Marçal Rusiñol is an Associate Researcher at the Computer Vision Center within the Intelligent Reading Systems research group, being the PI of several competitive research and tech. transfer projects. He received his B.Sc. and his M.Sc. degrees in Computer Sciences from the Universitat Autònoma de Barcelona (UAB), Barcelona, Spain, in 2004 and 2006, respectively. In 2004 he joined the Computer Vision Center where he obtained the Ph.D. degree under the supervision of Dr. Josep Lladós in 2009. He has been a Teaching Assistant and an Adjunct Lecturer at the Computer Sciences Department of the Universitat Autònoma de Barcelona from 2005. He hold two postdoctoral Marie Curie fellowships at ITESOFT and at the L3i Lab in the Université de La Rochelle (France) respectively. His main research interests include Computer Vision, Machine Learning, Data Science, Information Retrieval and Performance Evaluation.
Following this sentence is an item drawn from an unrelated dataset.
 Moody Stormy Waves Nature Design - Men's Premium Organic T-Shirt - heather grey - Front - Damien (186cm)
Lluís Gómez i Bigordà is a TECNIOspring Research Fellow (H2020 Marie Skłodowska-Curie actions of the European Union) at at the Computer Vision Center (CVC), Universitat Autònoma de Barcelona (UAB). He received his PhD in Computer Science from the Universitat Autònoma de Barcelona in 2016. As a member of the Robust Reading research team at the Computer Vision Centre, and of the document analysis community, he has contributed several papers to the field and has had the chance to collaborate with a variety of research groups and venues. He has collaborated with other prominent research groups in the organization of the ICDAR Robust Reading Competition in their 2013, 2015, and 2017 editions. He served as an area chair of the International Conference on Document Analysis and Recognition (ICDAR 2017), as a chair and organizer of the International Workshop on Camera Based Document Analysis and Recognition (CBDAR 2017) and the International Workshop on Robust Reading (IWRR 2018); as well as a member of the Program Committee of CBDAR 2015, IWRR 2014, IWRR 2016, and DAS 2018. In 2016 he co-organized a Tutorial on "Scene-Text Localization, Recognition, and Understanding" in the International Workshop on Document Analysis Systems (DAS 2016).
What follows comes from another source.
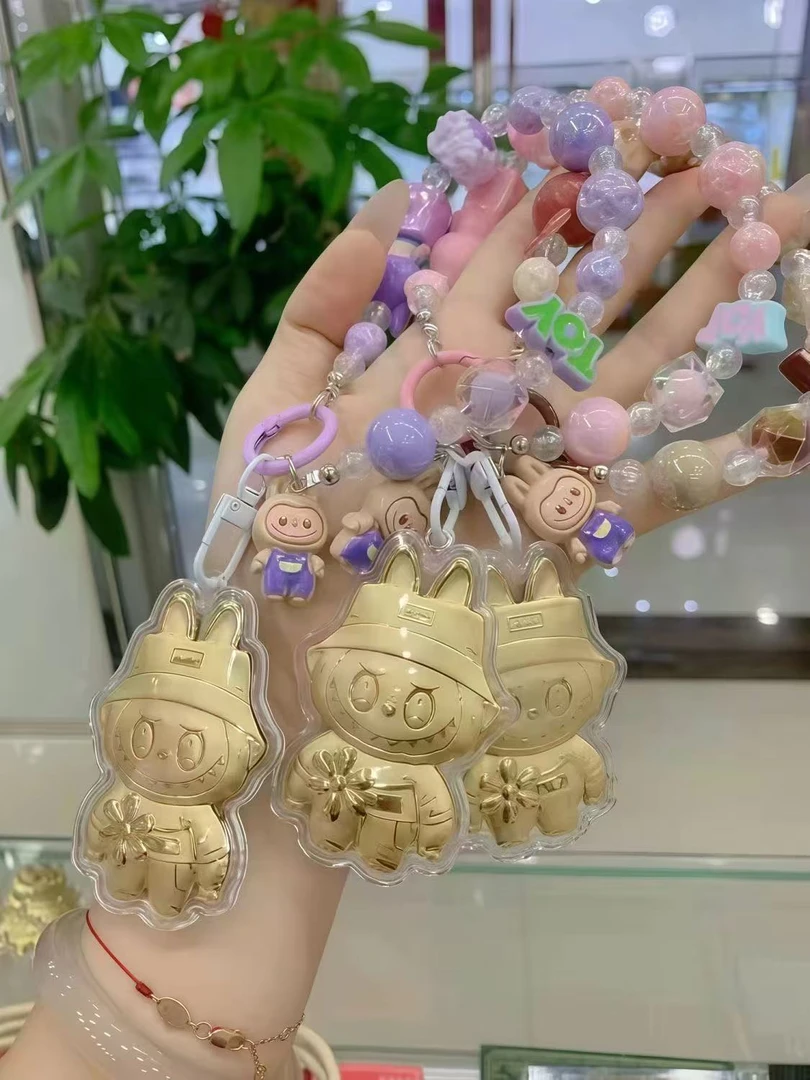 拉布布挂件labubu包包挂饰钥匙扣手机链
Raúl Gómez is researcher for the multimedia technologies group of Eurecat. He is doing his industrial PhD with the Universitat Autònoma de Barcelona advised by Dr Dimosthenis Karatzas and Dr Lluís Gómez (Computer Vision Center, UAB) and Dr Jaume Gibert (Eurecat). He received his BS degree in Telecommunications Engineering from Universitat Politècnica de Catalunya (UPC) and his MS degree in Computer Vision from Universitat Autònoma de Barcelona (UAB). He is working on scene interpretation using images and associated text, with a special focus on learning from web and social media data.

Yash Patel is currently pursuing a Master of Science in Computer Vision at Robotics Institute of Carnegie Mellon University, USA, where he works with Professor Abhinav Gupta. He holds B.Tech in Computer science with Honours by research from IIIT Hyderabad, where he worked in the fields of Computer Vision (CV) and Machine Learning (ML) under the supervision of Professor C.V. Jawahar. He has worked as an Applied Scientist Intern at Amazon-A9 with Professor Alex Smola and Professor R. Manmatha, a Research Intern at Center for Machine Perception, Prague under the supervision of Professor Jiri Matas, and worked as a Research Intern at Computer Vision Center, Barcelona under the supervision of Dr. Dimosthenis Karatzas. His research interests include - Self-Supervised Learning, Scene Text Understanding, 3D Reconstruction, Depth Estimation, Self-Paced/Curriculum Learning.